- **Exercise**
The whole listing that follows, pictures excepted, should be printed again exactly as given.

- **Information supplied**
+++

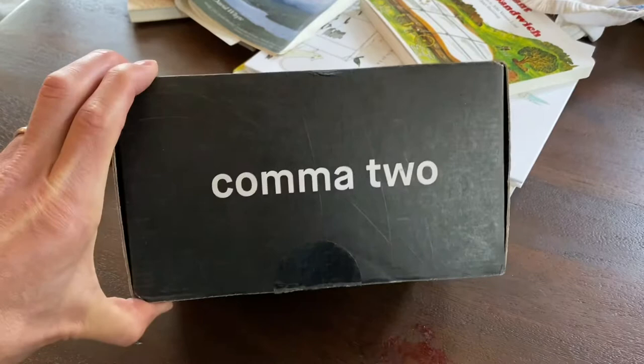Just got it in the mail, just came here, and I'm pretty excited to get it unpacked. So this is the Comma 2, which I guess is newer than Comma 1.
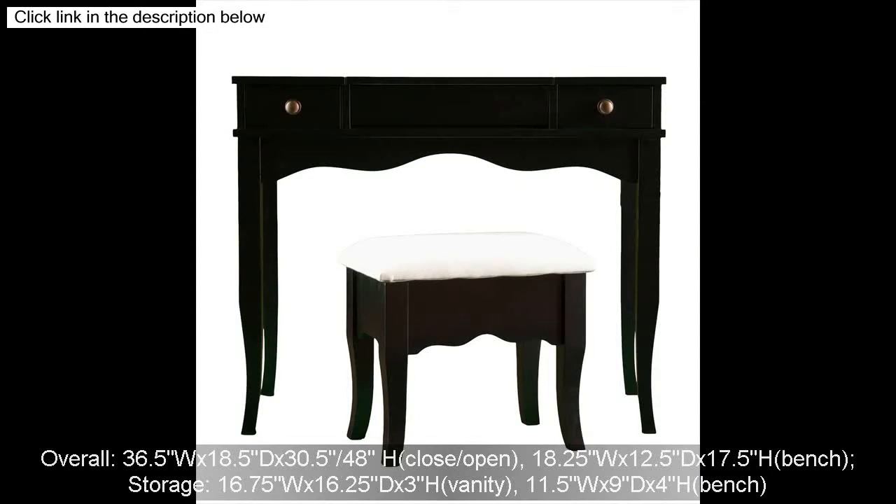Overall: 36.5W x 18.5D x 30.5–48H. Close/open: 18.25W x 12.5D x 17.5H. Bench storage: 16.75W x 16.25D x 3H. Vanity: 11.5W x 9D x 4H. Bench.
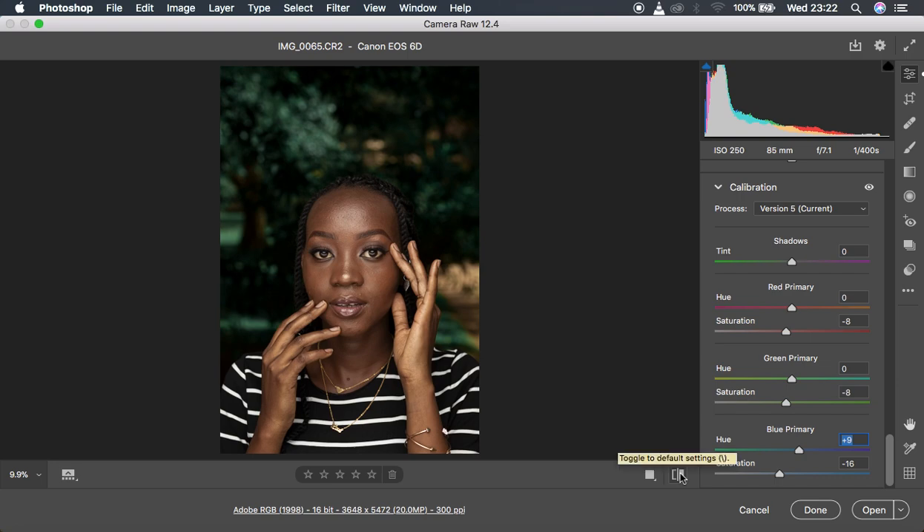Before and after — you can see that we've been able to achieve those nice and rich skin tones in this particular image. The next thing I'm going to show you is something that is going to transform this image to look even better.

+++

- **The completed task**
Just got it in the mail, just came here, and I'm pretty excited to get it unpacked. So this is the Comma 2, which I guess is newer than Comma 1.
Overall: 36.5W x 18.5D x 30.5–48H. Close/open: 18.25W x 12.5D x 17.5H. Bench storage: 16.75W x 16.25D x 3H. Vanity: 11.5W x 9D x 4H. Bench.
Before and after — you can see that we've been able to achieve those nice and rich skin tones in this particular image. The next thing I'm going to show you is something that is going to transform this image to look even better.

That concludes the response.